(RECORDS SUPPLIED Opens)
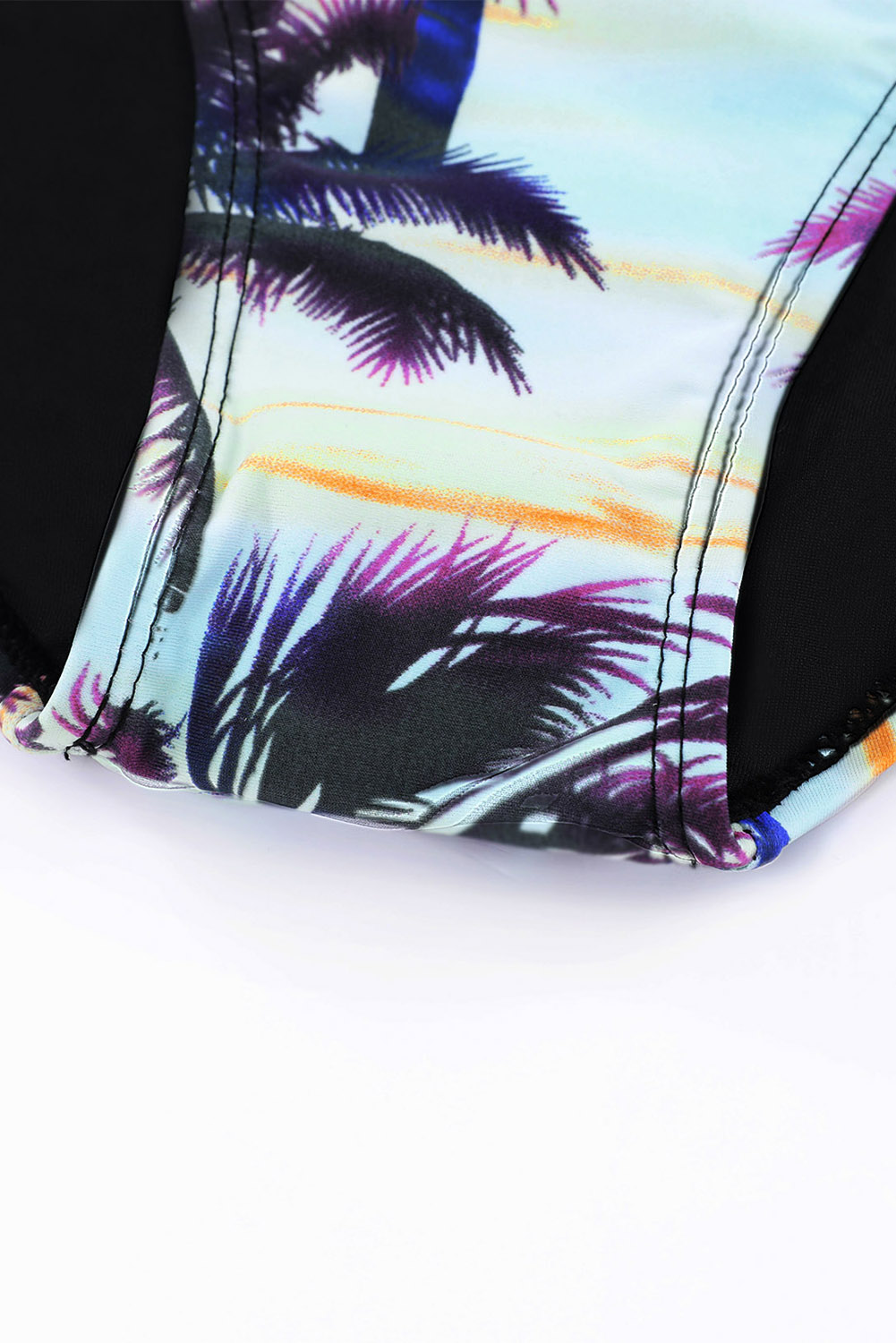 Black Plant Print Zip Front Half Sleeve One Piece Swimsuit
(RECORDS SUPPLIED Closes)
(RECORDS SUPPLIED Opens)
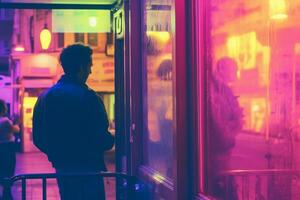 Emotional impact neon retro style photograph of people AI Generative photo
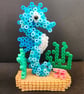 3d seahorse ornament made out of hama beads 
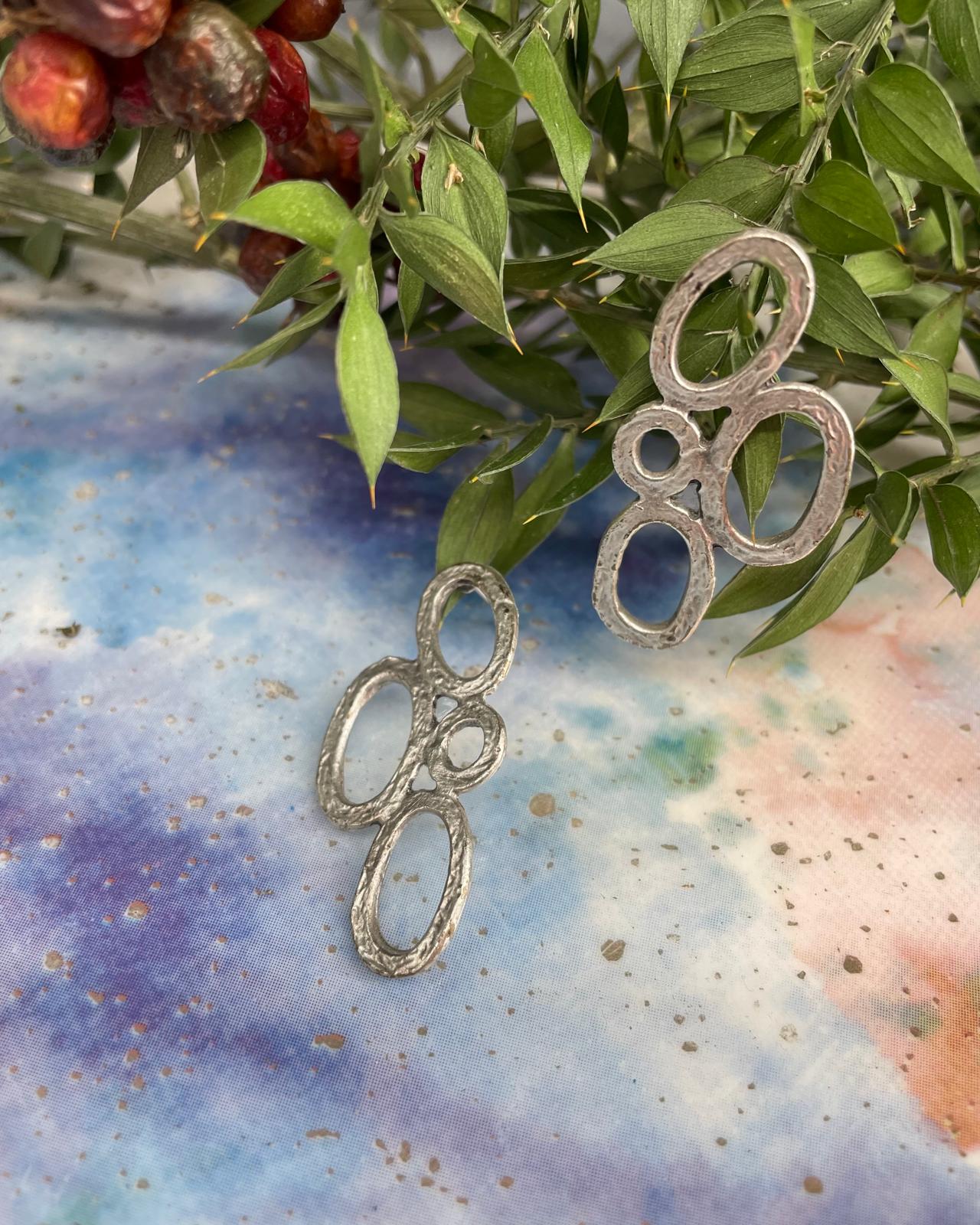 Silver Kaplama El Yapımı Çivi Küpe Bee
(RECORDS SUPPLIED Closes)
(RECORDS SUPPLIED Opens)
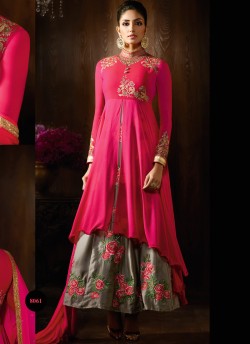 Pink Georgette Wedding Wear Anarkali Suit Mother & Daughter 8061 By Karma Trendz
(RECORDS SUPPLIED Closes)
ASSIGNED TASK :: For this exercise, set down the lines in the entries above from the one with "Emotional impact neon" through the one with "Silver Kaplama El Yapımı Çivi Küpe Bee" exactly as written, without any pictures.

SOLVED EXERCISE ::
 Emotional impact neon retro style photograph of people AI Generative photo
 3d seahorse ornament made out of hama beads 
 Silver Kaplama El Yapımı Çivi Küpe Bee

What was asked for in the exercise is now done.